» To do: Your task is to copy the listing exactly. Drop any pictures from the copy.

» Available data:
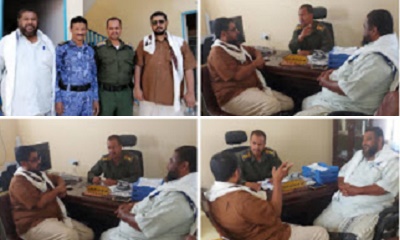 مدير أمن غيل باوزير يستقبل قائد جهاز مكافحة المخدرات بساحل حضرموت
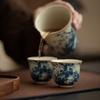 Birds Ru Klin Porcelain Teacup Chinese Kung Fu Gongfu Master Cups Ceramic Tea Bowls Tea Ceremony Teaware Set Household Drinkware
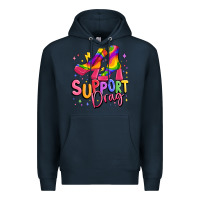 Navy support drag pride Premium Hoodie - MaliasSmallBusiness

» Task answer:
 مدير أمن غيل باوزير يستقبل قائد جهاز مكافحة المخدرات بساحل حضرموت
 Birds Ru Klin Porcelain Teacup Chinese Kung Fu Gongfu Master Cups Ceramic Tea Bowls Tea Ceremony Teaware Set Household Drinkware
 Navy support drag pride Premium Hoodie - MaliasSmallBusiness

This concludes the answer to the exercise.